The Defendant is not guilty. The summary of the judgment of this case is publicly notified.

Reasons

1. The summary of the facts charged is the victim D who is between the victim D and the E clan member, and

1. On October 22, 2012, at the conference room, G located in Syang-si, G located in Syang-si, at around 12:0, the victim considered that the victim D (the age of 81) was aware of having been in the position of auditor E, and that the victim was able to distribute to the directors of the board of directors the book “for any false forgery or alteration in the family table among the Korean questions,” 10 books were attached to the defendant who tried to go up, and the victim was able to go up again, and the victim was able to use the defendant, but the victim was able to purchase the victim’s right chest on one occasion with his right blue part and continuously sold the right blue part of the victim, and 42 days of treatment days, and caused the victim to take multiple treatment (the victim was 5, 6, 7, 8, 97, 87, 87, 8, 8).

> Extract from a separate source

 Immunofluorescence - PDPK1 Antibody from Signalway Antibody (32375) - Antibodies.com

2. At the same date, time and place as referred to in paragraph 1, “A with respect to a false forgery of a false representation in the family register among the Korean questions,” which the victim prepared was stolen by taking 93,600 won at his/her hand.

2. The evidence as shown in the facts charged in the instant case includes D’s police and legal statement, H’s legal statement, accusation, confirmation of each fact of H and I, and the injury diagnosis statement.

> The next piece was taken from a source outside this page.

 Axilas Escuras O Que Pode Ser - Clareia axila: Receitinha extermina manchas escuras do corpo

However, the above evidence and the records are added to the court statements in I, J, K, and L, i.e., ① “the defendant did not regard D prices as stated in the facts charged, and rather, the victim was able to keep the Defendant’s hand hick with the Defendant’s hand hick with the Defendant’s hand hick with the Defendant’s hand hick with the Defendant’s hand hick,” and L also argued that “the Defendant did not dispute with each other while preventing the Defendant from gathering the hand hick as stated in the facts charged, but rather, the Defendant did not regard the Defendant’s hand hick with the Defendant’s hand hick.”